If you ever bought lunch at elementary or middle school instead of brought your own and found that you were eating your weird pink fluffy pudding substance with a spoon that, for some reason, had prongs at the end and was stabbing your tongue, well, there’s another mutant utensil on the block: The knork. Infinitely more sensical than a spoon-and-fork combination, the knork is, as you might’ve guessed, a combination of a knife-and-fork.
Unlike the spork, the knork has the benefit of you looking completely normal when you use it, because the looks like a fork.
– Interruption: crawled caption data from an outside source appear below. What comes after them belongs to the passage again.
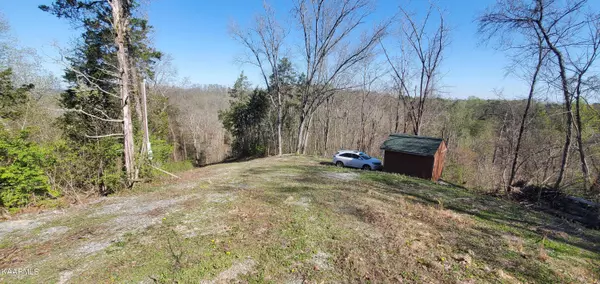 Walland, TN 37886,331 Chestnut Ridge Rd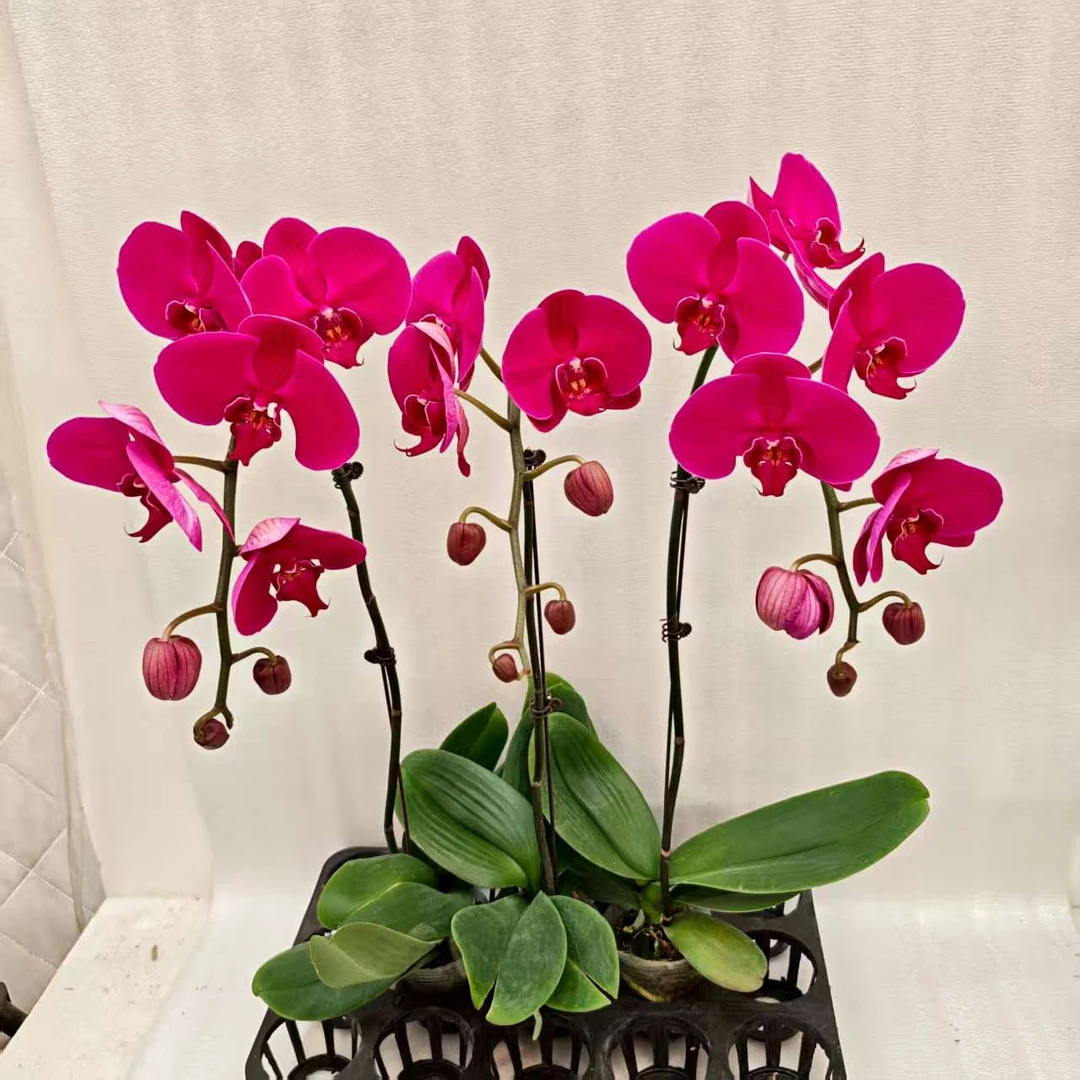 鲜花【大辣椒】蝴蝶兰室内种植观赏送礼带花发货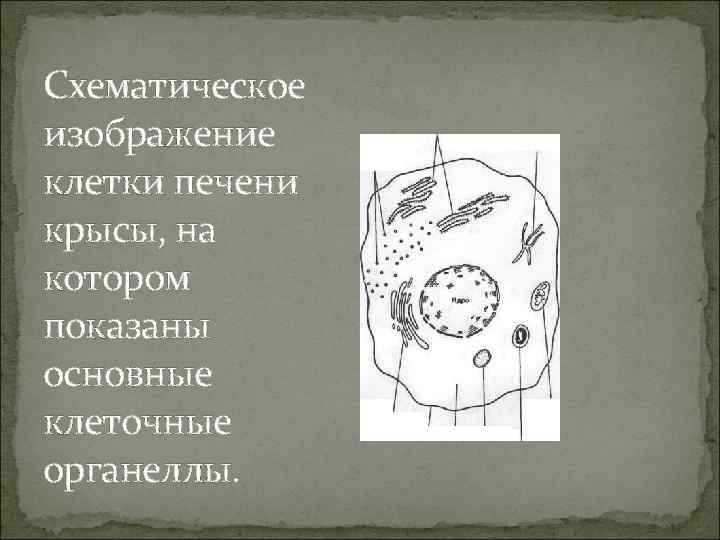 Схематическое изображение клетки печени крысы, на котором показаны основные клеточные органеллы.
Rather than an obvious well with obvious prongs attached like the spork, the knork simply looks like a fork, but the edges of the utensil are beveled, providing knife-like capability.
The knork comes in a classy stainless steel variety for your knork-based dinner parties, and a disposable variety for some quick-and-dirty knorking. Though seemingly much more logical than the spork, there still seem to be logistical problems with the knork. The first is that, if the edges are beveled enough to cut meat, wouldn’t eating off the knork be somewhat dangerous? An exciting exercise in how steady one can keep one’s mouth. Secondly, when cutting most things, you need a fork to steady the thing that is being cut, so wouldn’t one still need something to steady the food in order for the knork to saw back and forth? One could use another knork, I guess.
If you visit the knork’s website, knork.net (which is really fun to say aloud), you’ll see that you can order the knork in a variety of ways, from single and multi-knork packs, to regular silverware sets that include the knork. If you’re hesitant to become a knorker, you can take part in the sample program, in which you can purchase a knork salad fork for only five bucks, though a single knork is only seven bucks, so you might as well just go all in.